- _The task_
Print all of the data exactly, but drop the pictures.

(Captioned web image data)

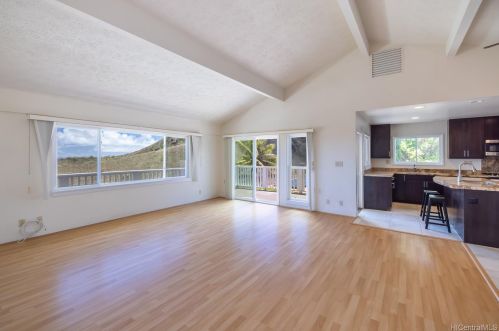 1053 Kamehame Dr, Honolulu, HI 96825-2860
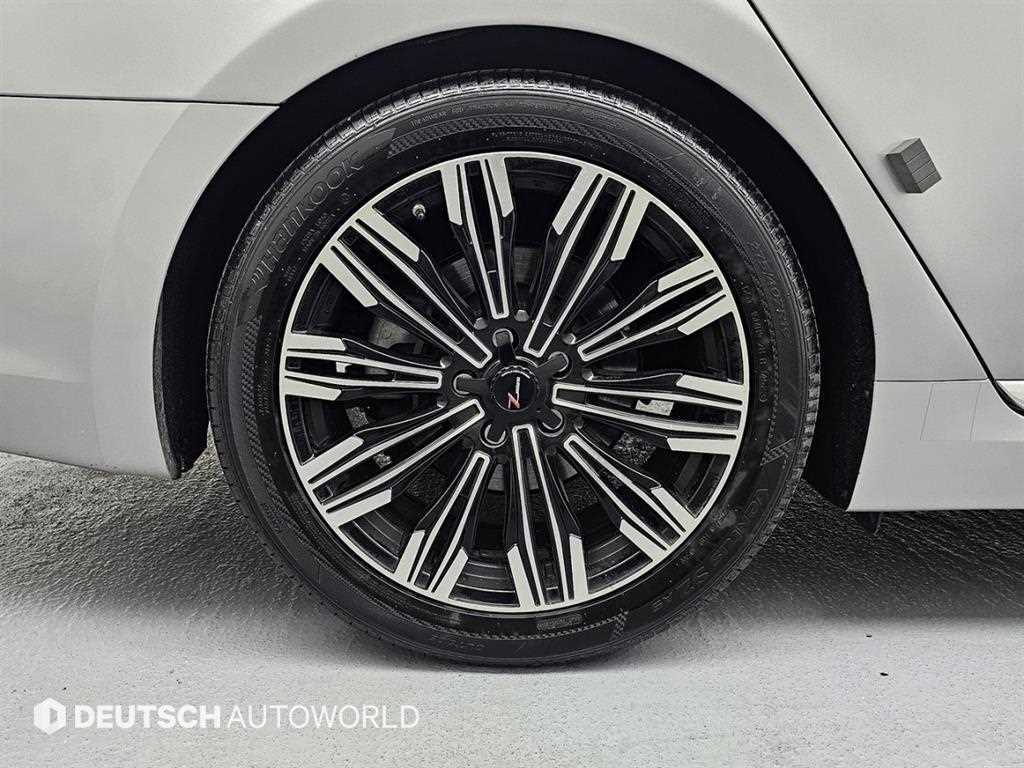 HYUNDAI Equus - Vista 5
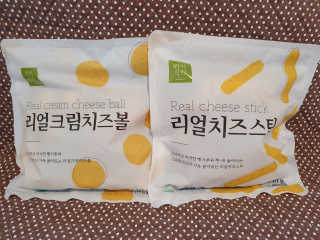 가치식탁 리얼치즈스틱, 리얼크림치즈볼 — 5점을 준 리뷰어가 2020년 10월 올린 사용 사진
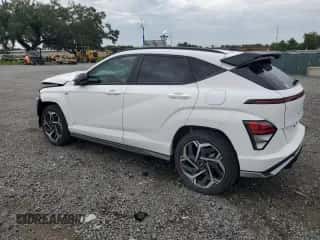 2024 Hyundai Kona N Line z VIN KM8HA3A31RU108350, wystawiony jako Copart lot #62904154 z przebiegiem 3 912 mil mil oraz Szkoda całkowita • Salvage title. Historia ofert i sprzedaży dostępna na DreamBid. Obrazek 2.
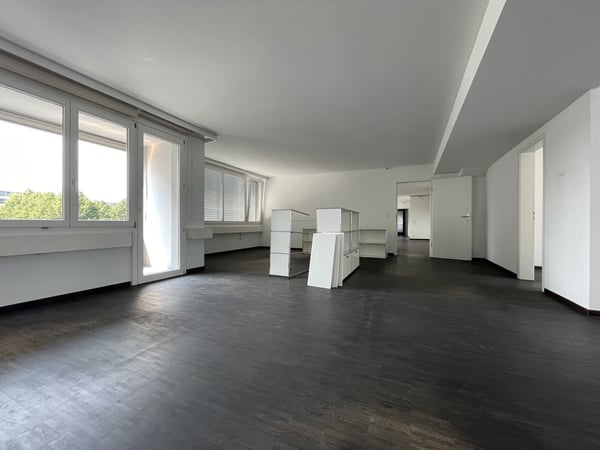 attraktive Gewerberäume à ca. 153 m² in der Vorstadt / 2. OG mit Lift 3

- _Result of this task_
 1053 Kamehame Dr, Honolulu, HI 96825-2860
 HYUNDAI Equus - Vista 5
 가치식탁 리얼치즈스틱, 리얼크림치즈볼 — 5점을 준 리뷰어가 2020년 10월 올린 사용 사진
 2024 Hyundai Kona N Line z VIN KM8HA3A31RU108350, wystawiony jako Copart lot #62904154 z przebiegiem 3 912 mil mil oraz Szkoda całkowita • Salvage title. Historia ofert i sprzedaży dostępna na DreamBid. Obrazek 2.
 attraktive Gewerberäume à ca. 153 m² in der Vorstadt / 2. OG mit Lift 3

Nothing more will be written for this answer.